16. Although the DSM-IV diagnosis of GID encompasses more than transsexualism, it is still often used as an equivalent to transsexualism (Sohn & Bosinski, 2007). For instance, a man can meet the two core criteria if he only believes he has the typical feelings of a woman and does not feel at ease with the male gender role. The same holds for a woman who just frequently passes as a man (e.g., in terms of first name, clothing, and/or haircut) and does not feel comfortable living as a conventional woman. Someone having a GID diagnosis based on these subcriteria clearly differs from a person who identifies completely with the other gender, can only relax when permanently living in the other gender role, has a strong aversion against the sex characteristics of his/her body, and wants to adjust his/her body as much as technically possible in the direction of the desired sex. Those who are distressed by having problems with just one of the two criteria (e.g., feeling uncomfortable living as a conventional man or woman) will have a GIDNOS diagnosis. This is highly confusing for clinicians. It perpetuates the search for the “true transsexual” only, in order to identify the right candidates for hormone and surgical treatment instead of facilitating clinicians to assess the type and severity of any type of GI and offer appropriate treatment. Furthermore, in the DSM-IV, gender identity and gender role were described as a dichotomy (either male or female) rather than a multi-category concept or spectrum (Bockting, 2008; Bornstein, 1994; Ekins & King, 2006; Lev, 2007; Røn, 2002).
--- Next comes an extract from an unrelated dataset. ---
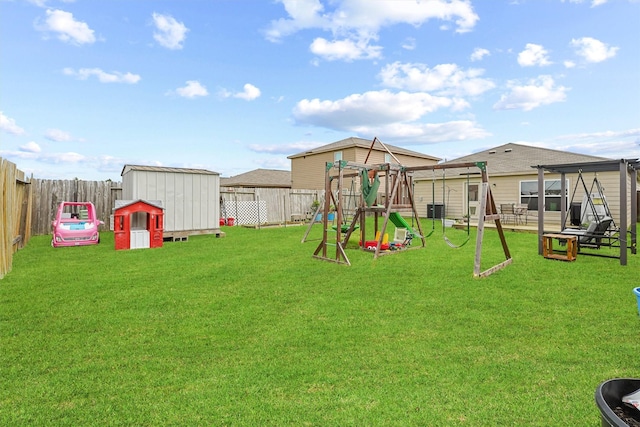 view of play area with a yard, central AC unit, and a storage unit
The current formulation makes more explicit that a conceptualization of GI acknowledging the wide variation of conditions will make it less likely that only one type of treatment is connected to the diagnosis. Taking the above regarding the avoidance of male-female dichotomies into account, in the new formulation, the focus is on the discrepancy between experienced/expressed gender (which can be either male, female, in-between or otherwise) and assigned gender (in most societies male or female) rather than cross-gender identification and same-gender aversion (Cohen-Kettenis & Pfäfflin, 2009).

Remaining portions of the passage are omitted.